Jenny Tobias sent us a link to her amazing New York City Numbers Calendar [1.6MB PDF]. Each month features numbers that she photographed in different areas of the city. For instance, January's numbers (above) came from the East Village between 1st and 3rd Street. Consult the first page of the calendar for the location information. Bonus: Jennifer marks up the calendar with all the major holidays, as well as some lesser known ones, like National Headache Awareness Day. If you are a designer who has a made a 2006 calendar, send us in a link and we'll post it here.




since when did 20 become a grafitti flower? it seems to be missing quite a few numbers, i like the idea though
yeah, it's a nice (if not original) idea, but the missing numbers detract. if you've ever gone to art school this kind of thing is standard design 101 stuff and not very interesting. to be done well she needs to be photographing better typography and using much more interesting composition. points to jenny for putting her work out there, and glad gothamist is enjoying it, but really... "amazing"? not so much.
fr8sh? dontcha mean fr3sh?
The missing numbers reflect reality.

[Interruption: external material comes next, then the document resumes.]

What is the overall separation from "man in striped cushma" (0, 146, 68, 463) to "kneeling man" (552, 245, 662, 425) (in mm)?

If there's no numbered building on a given lot, it gets a blank. Also, the numbers correspond to the actual sequence on the street (with one or two exceptions, and those are all from the given street). The goal is to show what's actually on buildings, not "more interesting typography." Isn't it interesting, for example, that First Street has lots of those cheap gold diamond-shaped stick-on numbers while Ninth Street has lots of elegant canopies?
About the grafitti flower and other bits like it: these fill in some of those gaps. Mostly these bits are from the that month's street.
By the way, month corresponds strictly to street: January is only First Street, not First to Third Streets.